Mercoledì sera, in un video-incontro con alcuni cristiani di una nostra parrocchia, una ragazza delle superiori mi ha chiesto come deve comportarsi quando viene derisa dai coetanei perché si presenta come cristiana che partecipa alla S. Messa e alla vita della parrocchia. Si sente guardata come una che ha qualcosa di strano; appunto, come straniera. Più volte cristiani giovani e adulti mi hanno confidato la stessa sofferenza di sentirsi considerati come dei diversi negli ambienti di vita e di lavoro.

Che cosa rendeva i primi cristiani e tuttora rende i cristiani come degli estranei rispetto alla mentalità che si respira tra le persone, nelle scuole, nei posti di lavoro e che è propagandata dai mezzi di comunicazione di massa? San Pietro indica con chiarezza dove sta la diversità del cristiano: «La speranza che è in voi». È una bellissima risposta: i cristiani si distinguono perché sono uomini e donne di speranza. Custodiscono nell’anima quella speranza di cui ho parlato nell’omelia di domenica scorsa. Essi vivono l’esistenza come un pellegrinaggio verso una straordinaria meta; verso il posto che porta il nostro nome e che Gesù risorto ha preparato vicino al suo e in mezzo a tutti i santi. Animati da questa speranza i cristiani investono i loro giorni in gesti e opere d’amore con grande serenità di cuore.

Questa è la speranza che colpisce sempre coloro che non hanno fede anche se non riescono a comprenderla. Essa, però, provoca reazione diverse. Spesso dà fastidio alla mentalità pagana del mondo per cui chi ce l’ha si sente rifiutato. Qualcuno, invece, resta incuriosito e vuol capire quale sia il segreto della serenità di quel cristiano che gli vive vicino.

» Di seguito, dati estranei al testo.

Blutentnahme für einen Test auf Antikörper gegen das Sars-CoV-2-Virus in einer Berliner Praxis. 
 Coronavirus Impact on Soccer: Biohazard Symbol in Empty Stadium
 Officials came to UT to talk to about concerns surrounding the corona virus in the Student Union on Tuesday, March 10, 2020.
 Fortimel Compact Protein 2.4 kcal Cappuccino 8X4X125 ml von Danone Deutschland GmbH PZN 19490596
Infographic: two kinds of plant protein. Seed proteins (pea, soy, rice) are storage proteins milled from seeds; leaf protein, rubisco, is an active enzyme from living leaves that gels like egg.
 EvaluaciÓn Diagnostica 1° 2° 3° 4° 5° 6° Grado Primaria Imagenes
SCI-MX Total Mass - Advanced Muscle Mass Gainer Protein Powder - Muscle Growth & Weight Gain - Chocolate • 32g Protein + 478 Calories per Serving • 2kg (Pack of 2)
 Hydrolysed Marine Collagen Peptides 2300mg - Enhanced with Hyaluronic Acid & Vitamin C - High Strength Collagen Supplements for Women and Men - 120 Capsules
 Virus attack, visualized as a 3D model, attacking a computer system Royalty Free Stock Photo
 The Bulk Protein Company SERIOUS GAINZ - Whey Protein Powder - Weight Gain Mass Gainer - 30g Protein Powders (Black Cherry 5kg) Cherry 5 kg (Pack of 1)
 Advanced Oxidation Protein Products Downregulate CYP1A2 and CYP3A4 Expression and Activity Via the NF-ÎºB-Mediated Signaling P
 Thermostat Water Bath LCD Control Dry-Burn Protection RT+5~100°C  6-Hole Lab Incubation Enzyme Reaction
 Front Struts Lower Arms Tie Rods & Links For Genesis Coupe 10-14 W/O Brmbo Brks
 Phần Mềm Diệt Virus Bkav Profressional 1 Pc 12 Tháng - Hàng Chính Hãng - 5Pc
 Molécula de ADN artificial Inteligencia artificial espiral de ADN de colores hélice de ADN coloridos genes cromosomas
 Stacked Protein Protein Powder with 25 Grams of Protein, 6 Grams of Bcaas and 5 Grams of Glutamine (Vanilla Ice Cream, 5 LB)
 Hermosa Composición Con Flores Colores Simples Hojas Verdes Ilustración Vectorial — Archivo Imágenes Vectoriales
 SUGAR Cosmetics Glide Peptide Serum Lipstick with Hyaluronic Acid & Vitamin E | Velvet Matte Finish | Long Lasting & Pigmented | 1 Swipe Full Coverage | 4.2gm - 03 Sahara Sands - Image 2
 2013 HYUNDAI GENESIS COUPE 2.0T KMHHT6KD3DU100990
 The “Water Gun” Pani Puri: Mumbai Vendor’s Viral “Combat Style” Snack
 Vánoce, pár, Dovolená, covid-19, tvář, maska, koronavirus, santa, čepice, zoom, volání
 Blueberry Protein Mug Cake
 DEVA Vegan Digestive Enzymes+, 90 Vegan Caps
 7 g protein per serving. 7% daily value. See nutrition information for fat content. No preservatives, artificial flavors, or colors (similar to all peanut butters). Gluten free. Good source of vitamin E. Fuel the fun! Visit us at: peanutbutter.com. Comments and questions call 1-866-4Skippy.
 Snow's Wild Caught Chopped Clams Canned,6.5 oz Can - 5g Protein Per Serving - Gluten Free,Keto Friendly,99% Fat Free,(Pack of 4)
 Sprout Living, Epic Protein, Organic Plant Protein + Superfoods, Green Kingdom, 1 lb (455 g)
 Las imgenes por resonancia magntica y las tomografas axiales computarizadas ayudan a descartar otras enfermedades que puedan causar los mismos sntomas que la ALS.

Quello è il momento in cui, come dice l’apostolo: «Dovete essere pronti sempre a rispondere a chiunque vi domandi ragione della speranza che è in voi». Con le persone che si avvicinano per scoprire il segreto che porta nel cuore, il cristiano può diventare un vero missionario che condivide con un fratello o con una sorella la speranza che gli riempie il cuore e che ha scoperto conoscendo Gesù e credendo nelle sue parole. Questi missionari possono essere i vescovi e i sacerdoti ma, specialmente, i laici. Essi, infatti diffondendo il profumo della speranza del Vangelo in famiglia, nel lavoro, nella scuola, in politica e in ogni ambito della vita sociale.

Per essere, però, pronto a «dare ragione della sua speranza» il cristiano deve ravvivarla sempre, ricorrendo alla fonte indicata da. San Pietro: «Adorate il Signore, Cristo, nei vostri cuori». Il tempo non mi permette di approfondire cosa significhi “adorare Cristo nei nostri cuori».

Ricordo solo che il momento più grande per incontrare realmente Gesù e adorarlo con tutto il cuore è la celebrazione dell’Eucaristia. Nella prossima settimana è nuovamente offerta ad ogni cristiano l’opportunità di partecipare alla S. Messa, dopo un inedito digiuno eucaristico che non vogliamo che si ripeta più. Torniamo tutti a vivere l’incontro con la Parola e il Corpo e Sangue di Gesù nella S. Messa. Troveremo lì la sorgente della nostra speranza da far assaporare, poi, ai fratelli.